Am I still Catholic? (part V: Panentheism)
- Steve Boettcher
- Jan 15, 2023
- 2 min read
After several years of soul searching, to determine where I stand in my Catholicism verses my universalism, I believe I have stumbled upon the answer. For the last few years I’ve been calling myself “Beyond Catholic” to describe my foundation in Catholicism, but also explain that I’ve gone beyond the man-made limits of the “church” to the fuller universal meaning of the church. As I was suspecting, my forward climb was actually a background climb, to the original meaning of Catholicism.
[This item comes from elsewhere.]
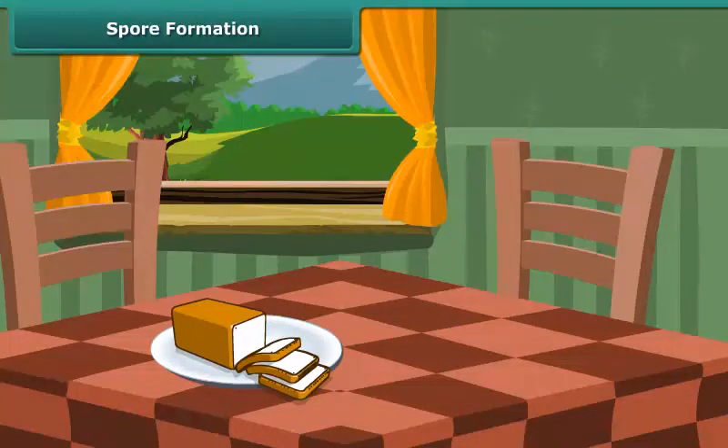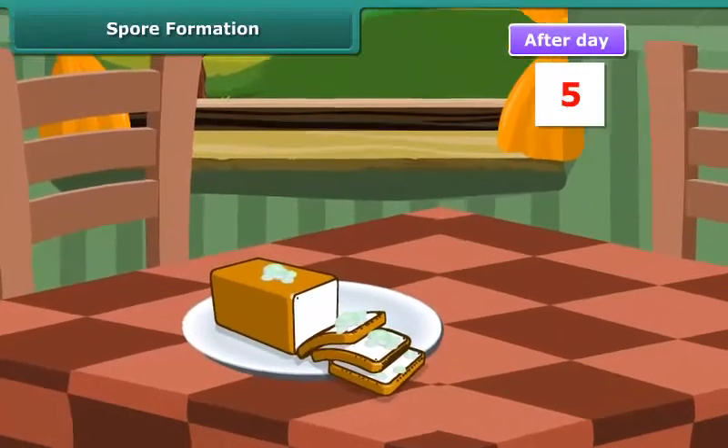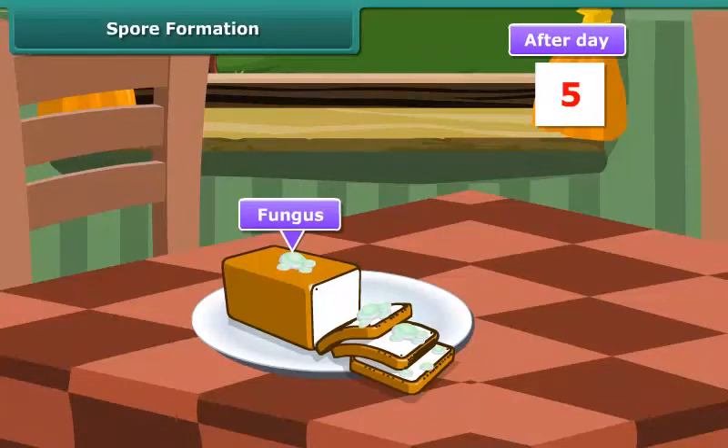Spore Formation. What happens if we keep a piece of bread in warm conditions for a few days? Yes, we will notice blue-green fungus grown on it.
I’ve summarized what I found on Wikipedia and shared the full link below. This is spot on with what I’ve been feeling and believing for the last several years but have been unable to define verbally. I’m a Panentheistic Catholic.
Panentheism (“all in God”, from the Greek) is the belief that the divine intersects every part of the universe and also extends beyond space and time. The term was coined by the German philosopher Karl Krause in 1828 to distinguish the ideas of Georg Wilhelm Friedrich Hegel (1770–1831) and Friedrich Wilhelm Joseph Schelling (1775–1854) about the relation of God and the universe from the supposed pantheism of Baruch Spinoza.
In panentheism, the universal spirit is present everywhere, which at the same time “transcends” all things created. While pantheism asserts that “all is God”, panentheism claims that God is greater than the universe. Some versions of panentheism suggest that the universe is nothing more than the manifestation of God. Some forms also claim that the universe is contained within God.
A number of ordained Catholic mystics (including Richard Rohr, David Steindl-Rast, and Thomas Keating) have suggested that panentheism is the original view of Christianity. They hold that such a view is directly supported by mystical experience and the teachings of Jesus and Saint Paul.